Teva temporarily padlocks a plant after FDA cites it for contamination
After FDA investigators unveiled a list of problems that were found at a Teva Pharmaceuticals plant in Irvine, CA, including mold stemming from water leaks, the company said it will halt production at that site until it is able to meet quality expectations.
A Teva spokesperson confirmed the temporary manufacturing stoppage Monday morning in an email to Endpoints News, saying that that production will resume after a review is conducted.
“In an effort to minimize impact on patients, we are working closely with the FDA Drug Shortage Staff and FDA Office of Manufacturing Quality as we work through this review,” the spokesperson wrote. “We will ensure that the agency and relevant customers are aware of our progress as we move forward.”
The Form 483 from the FDA led to the recall of more than 2.5 million vials of drugs that might not be sterile, Bloomberg reported Monday morning. In February, Teva pulled 1.5 million vials off of the shelves after mold was detected in the air of manufacturing areas.
A July inspection found that untreated water damage led likely to the mold generating in the walls, and minimal steps had been taken to prevent the further spread of mold and bacteria throughout the site.
According to Bloomberg, which said it obtained the inspection documents in response to a Freedom of Information Act (FOIA) request, the benches that were used to change into scrubs were dirty. Additionally, factory workers often wore scrubs outside the building to take out the trash and use the restroom, failing to change them again once they re-entered the manufacturing site. Equipment had not been tested for sterility or harmful organisms since it had been installed 21 years ago, Bloomberg reported.

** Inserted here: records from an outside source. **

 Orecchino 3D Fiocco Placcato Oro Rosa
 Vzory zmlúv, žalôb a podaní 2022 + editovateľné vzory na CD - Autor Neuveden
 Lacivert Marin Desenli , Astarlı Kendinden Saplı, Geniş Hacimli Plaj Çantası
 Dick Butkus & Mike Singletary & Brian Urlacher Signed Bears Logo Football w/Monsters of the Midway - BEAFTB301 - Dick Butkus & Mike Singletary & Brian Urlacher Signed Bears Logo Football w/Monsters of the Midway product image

The statement from Teva said:
We have carefully reviewed the 483 and are taking extensive actions to ensure the agency’s observations are fully addressed. All Teva facilities have strict and comprehensive quality protocols in place and as part of the work we are doing in response to the recent Inspection, we will further enhance our efforts to ensure that we meet or exceed all regulatory requirements.

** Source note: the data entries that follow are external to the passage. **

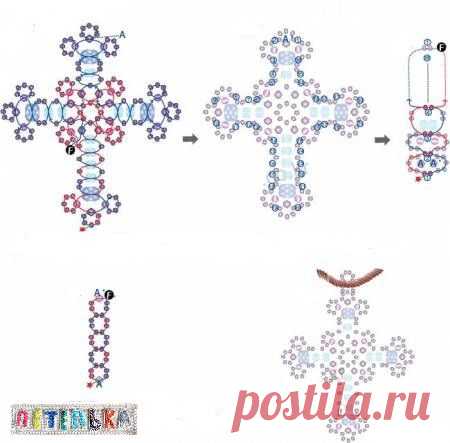 Белый крестик из бисера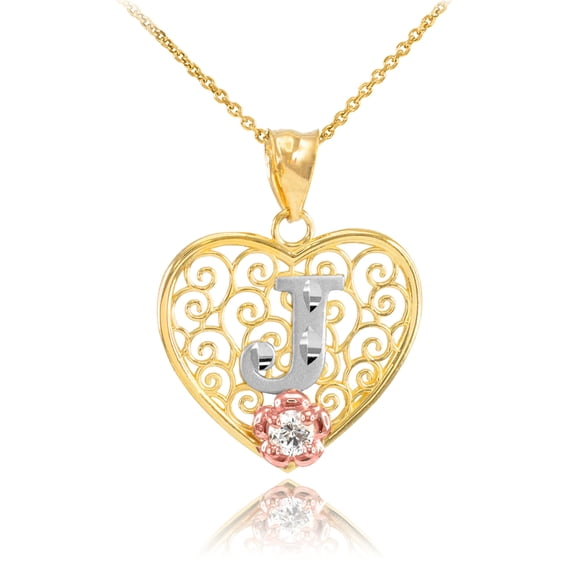 TWO TONE YELLOW GOLD FILIGREE HEART "J" INITIAL CZ PENDANT NECKLACE : 14K Pendant with 20" chain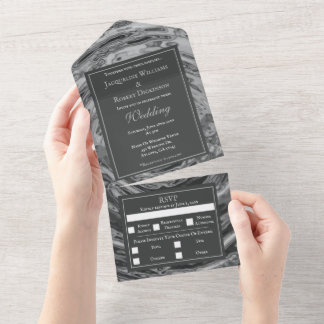 Elegant Silver Liquid Chrome Water Wedding All In One Invitation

The announcement comes as President Joe Biden’s administration has attempted to persuade Big Pharma to ramp up domestic drug production. Generic drugs make up 90% of Americans’ medications, while nearly 70% of active pharmaceutical ingredients are made outside the US, a White House report says. Last week, a bill was introduced in the US House of Representatives that would create a national stockpile of APIs to prevent supply chain shortages in the future.